*** Opening of RECORDED INFORMATION ***

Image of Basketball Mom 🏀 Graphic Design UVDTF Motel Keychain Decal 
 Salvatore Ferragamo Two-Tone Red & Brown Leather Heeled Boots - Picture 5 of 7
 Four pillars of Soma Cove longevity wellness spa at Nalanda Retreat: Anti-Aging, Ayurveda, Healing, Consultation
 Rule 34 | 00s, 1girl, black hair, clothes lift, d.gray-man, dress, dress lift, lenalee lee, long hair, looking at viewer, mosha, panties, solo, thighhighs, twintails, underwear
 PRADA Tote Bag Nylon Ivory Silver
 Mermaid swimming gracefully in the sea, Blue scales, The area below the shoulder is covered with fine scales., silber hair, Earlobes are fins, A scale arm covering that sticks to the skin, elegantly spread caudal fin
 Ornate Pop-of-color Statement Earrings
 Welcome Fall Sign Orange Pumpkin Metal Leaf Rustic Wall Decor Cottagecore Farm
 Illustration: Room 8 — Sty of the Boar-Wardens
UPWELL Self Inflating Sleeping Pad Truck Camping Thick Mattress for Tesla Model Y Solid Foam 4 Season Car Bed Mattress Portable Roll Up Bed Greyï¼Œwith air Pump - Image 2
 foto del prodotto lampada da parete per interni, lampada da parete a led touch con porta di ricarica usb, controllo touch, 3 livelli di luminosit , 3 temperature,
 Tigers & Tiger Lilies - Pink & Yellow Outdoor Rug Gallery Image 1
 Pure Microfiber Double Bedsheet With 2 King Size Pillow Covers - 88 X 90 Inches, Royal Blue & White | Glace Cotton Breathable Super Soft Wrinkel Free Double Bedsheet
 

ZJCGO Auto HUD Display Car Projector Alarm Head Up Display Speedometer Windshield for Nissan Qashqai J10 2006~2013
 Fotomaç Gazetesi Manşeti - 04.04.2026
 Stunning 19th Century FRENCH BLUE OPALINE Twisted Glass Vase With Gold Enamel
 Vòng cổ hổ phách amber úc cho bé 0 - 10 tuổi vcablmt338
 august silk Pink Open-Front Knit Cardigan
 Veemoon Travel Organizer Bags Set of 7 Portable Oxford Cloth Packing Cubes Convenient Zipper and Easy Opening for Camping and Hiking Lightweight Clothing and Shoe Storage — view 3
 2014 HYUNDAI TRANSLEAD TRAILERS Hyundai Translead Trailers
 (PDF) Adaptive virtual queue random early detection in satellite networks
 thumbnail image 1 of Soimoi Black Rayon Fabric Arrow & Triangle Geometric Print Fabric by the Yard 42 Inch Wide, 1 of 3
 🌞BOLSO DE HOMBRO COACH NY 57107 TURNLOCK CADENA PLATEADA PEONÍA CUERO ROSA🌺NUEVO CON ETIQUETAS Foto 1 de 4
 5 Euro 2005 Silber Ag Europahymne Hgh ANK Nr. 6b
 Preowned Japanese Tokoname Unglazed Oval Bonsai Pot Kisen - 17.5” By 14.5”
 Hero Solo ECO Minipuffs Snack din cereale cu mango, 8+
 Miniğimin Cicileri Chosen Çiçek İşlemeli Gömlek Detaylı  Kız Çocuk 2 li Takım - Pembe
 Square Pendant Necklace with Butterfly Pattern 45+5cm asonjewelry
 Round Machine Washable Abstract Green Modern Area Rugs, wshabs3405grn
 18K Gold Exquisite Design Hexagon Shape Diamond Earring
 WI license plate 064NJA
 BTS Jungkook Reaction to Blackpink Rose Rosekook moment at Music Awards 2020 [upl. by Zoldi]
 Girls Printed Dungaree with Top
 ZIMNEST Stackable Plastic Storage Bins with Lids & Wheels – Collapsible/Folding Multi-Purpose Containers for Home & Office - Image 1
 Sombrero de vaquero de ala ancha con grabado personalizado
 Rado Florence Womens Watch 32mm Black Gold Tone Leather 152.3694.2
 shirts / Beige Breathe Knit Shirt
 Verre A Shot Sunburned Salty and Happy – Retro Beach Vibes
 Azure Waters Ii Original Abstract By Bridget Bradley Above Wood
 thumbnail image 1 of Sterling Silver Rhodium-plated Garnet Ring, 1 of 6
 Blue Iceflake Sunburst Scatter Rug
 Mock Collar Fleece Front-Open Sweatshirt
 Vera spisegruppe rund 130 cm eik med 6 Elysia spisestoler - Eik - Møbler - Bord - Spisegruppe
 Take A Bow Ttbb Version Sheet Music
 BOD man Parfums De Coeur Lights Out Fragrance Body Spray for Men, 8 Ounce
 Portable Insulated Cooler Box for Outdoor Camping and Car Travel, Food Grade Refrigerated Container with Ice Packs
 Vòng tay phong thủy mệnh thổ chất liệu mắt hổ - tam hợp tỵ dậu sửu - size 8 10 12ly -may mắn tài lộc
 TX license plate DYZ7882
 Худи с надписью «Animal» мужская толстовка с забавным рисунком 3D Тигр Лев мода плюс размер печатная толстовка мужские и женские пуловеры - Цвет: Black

*** Close of RECORDED INFORMATION ***

* _PROBLEM STATEMENT_: Using the entries above, extract exactly the span from the line with "Vòng cổ hổ phách" to the line with "(PDF) Adaptive virtual", both lines included; leave out everything else.

* _RESULT FOR THIS TASK_:
 Vòng cổ hổ phách amber úc cho bé 0 - 10 tuổi vcablmt338
 august silk Pink Open-Front Knit Cardigan
 Veemoon Travel Organizer Bags Set of 7 Portable Oxford Cloth Packing Cubes Convenient Zipper and Easy Opening for Camping and Hiking Lightweight Clothing and Shoe Storage — view 3
 2014 HYUNDAI TRANSLEAD TRAILERS Hyundai Translead Trailers
 (PDF) Adaptive virtual queue random early detection in satellite networks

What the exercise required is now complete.